Riding and polo classes here work at two levels — on membership and on pay-and-use basis. Besides the training arenas, inside is an 8-km riding track that runs through the complex. It allows the rider to take the horse on a gallop. A 12-foot boundary wall ensures that rider and horse don’t wander off the complex. Similar “hack” rides are also possible up and down the Aravalli hills and through the water bodies — either accompanied by a trainer or solo, depending on the competence of the rider.
At the stables, it is rest time for the horses. The centre currently has two blocks of 20 stables each. The plan is to build four blocks of 20 stables each and another 150 for visiting horses. At of now, 20-25 of the horses are in Jaipur, racing. “The polo season is like a travelling circus,” says Sirohi. It will travel from one polo centre to the other — Jaipur, Delhi, Noida, Gurugram, Bengaluru, Mumbai, and so on. “In polo, the horse’s contribution is 80 per cent. This is the only sport where the sporting equipment has a mind of its own,” Sirohi adds.
They source the polo horses from the races courses.
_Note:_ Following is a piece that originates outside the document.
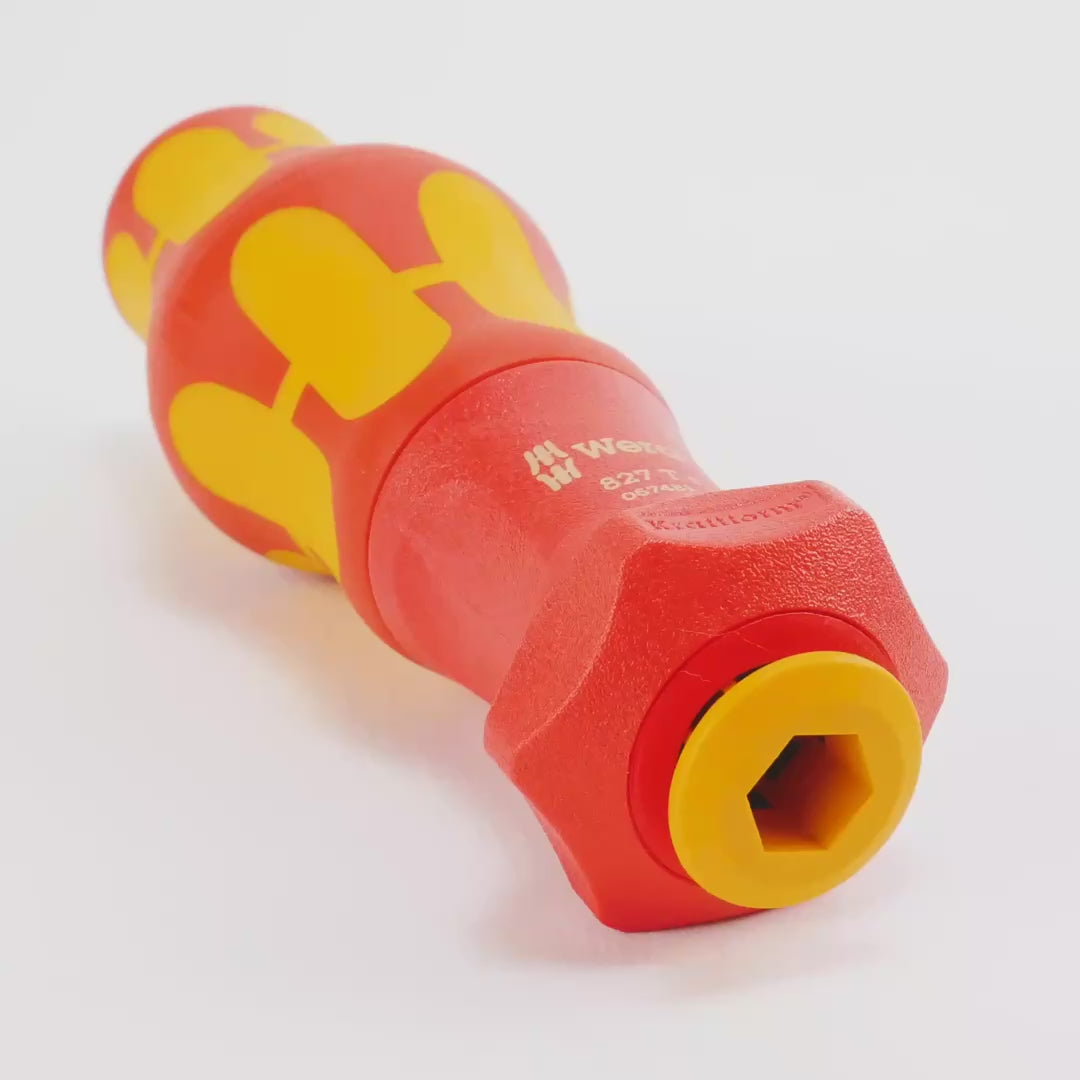 Wera 057481 Kraftform Turbo VDE Blade Holder/Handle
A horse enters racing at the age of around two and retires from it by the time it is six or seven. Polo needs horses aged five and above. With a lifespan of 25 to 30 years, the animal gets fruitfully re-employed.
It is on a wooden horse that novices are taught how to use the polo mallet (Photos: Sanjay K Sharma)
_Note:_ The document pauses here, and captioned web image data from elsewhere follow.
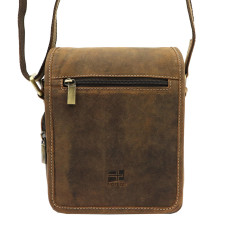 Pánské crossbody Nordee MSD-02 GM10 HUNTER hnědá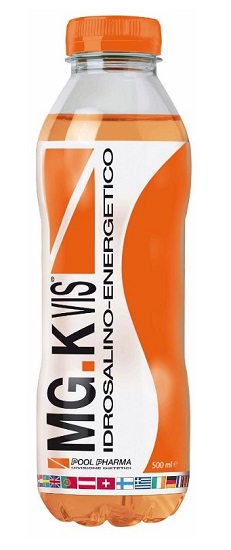 MGK VIS DRINK ENERGY ORANGE 500 ML - Farmacianuova.eu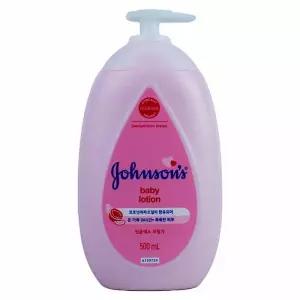 존슨즈베이비핑크로션500ml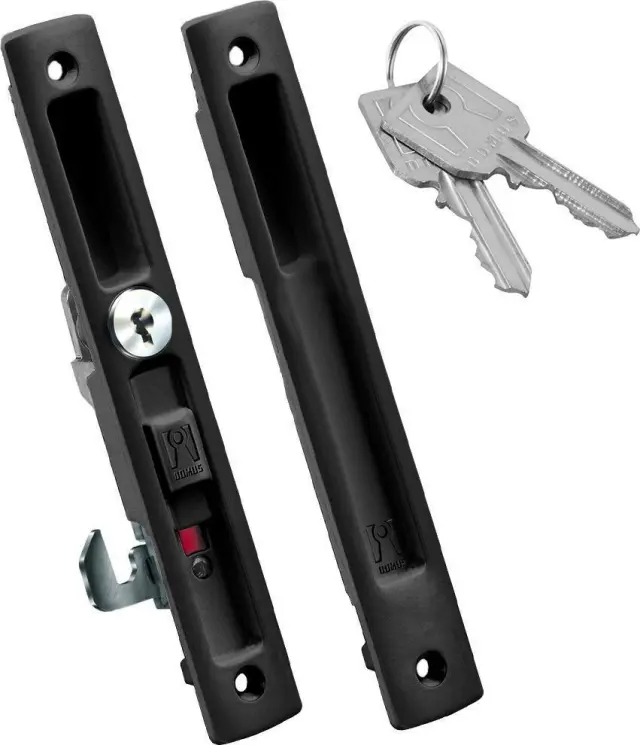 Domus Kliklok 7710M - Κλειδαριά Συρόμενων Θυρών Αλουμινίου με Κύλινδρο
Sirohi explains that as the members become regulars, some of them want their own horses. The centre has a solution for that. If the member has just a horse or two, the centre takes over its responsibility. But if he has more than two or three, the owner is advised to set up a “camp”. Not far from the stable is one such private camp of six horses. In such a case, the centre provides the land, but the horses’ diet and upkeep, including their attendants, is the owner’s responsibility.
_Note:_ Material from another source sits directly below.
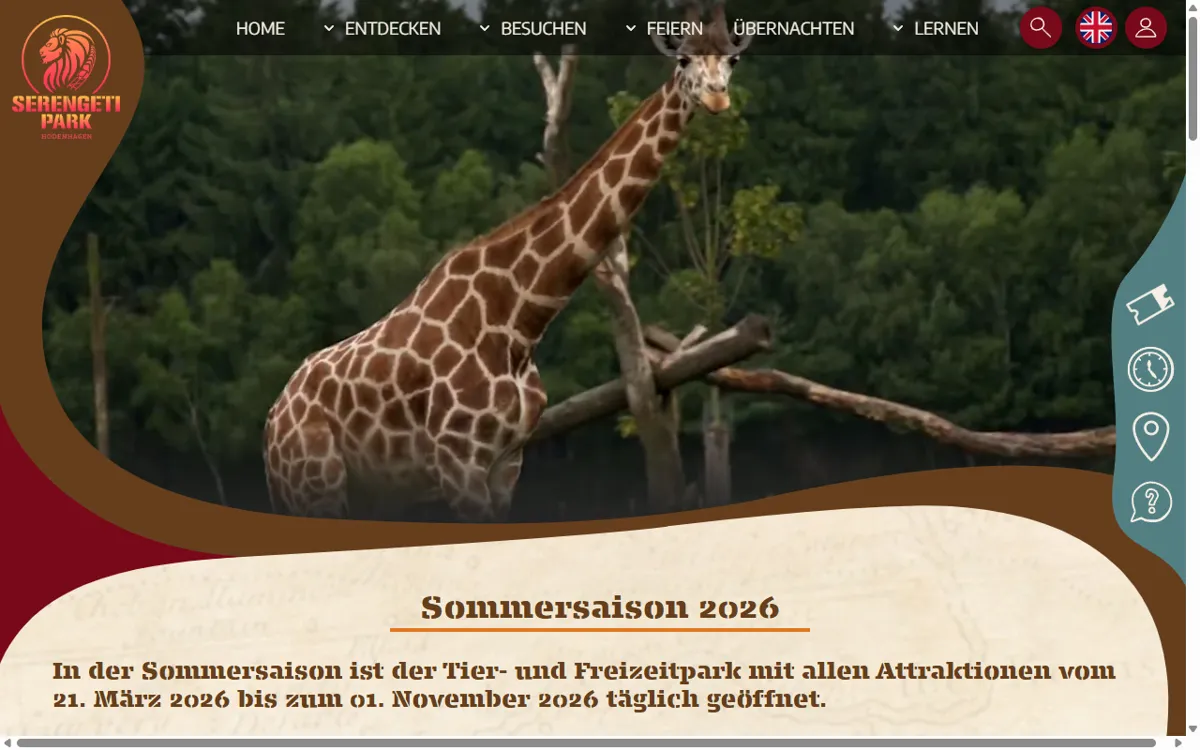 Serengeti-Park Hodenhagen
Back at the polo club house, a wooden horse stands by the main polo ground. A Jack Russell Terrier and its puppy tear around the complex tirelessly. “The Jack Russell is said to be a polo dog,” says Sirohi, but he is not sure why. Perhaps that it so because like the horse, this dog breed is stubborn, fearless, energetic, athletic and intelligent.
The wooden horse is also there for a reason. It is on such a horse that novices are taught how to use the polo mallet. “Or else, they might end up hitting the horse’s leg, and injure it,” explains Sirohi. The centre will get four such wooden horses of different sizes to train beginners.
All of this is a must if it is to make the cut for AAP accreditation. “They [AAP] have given us a list of criteria to meet — an international-size ground, at least 24 horses, 12 players, training aides in terms of wooden horses, and so on,” says Sirohi.
While polo is one of the world’s oldest known team sports, modern polo originated in Manipur from where the British took it all over the world. After Independence, the princely states and the Indian Army kept it alive. With the abolition of the privy purse, it fell to the army to keep the sport going. Most major cantonments, in fact, have a polo centre. Today, it is the modern maharajas — from the corporate world — who have developed a passion for it.
The Argentine chapter is only another step ahead in India’s polo story.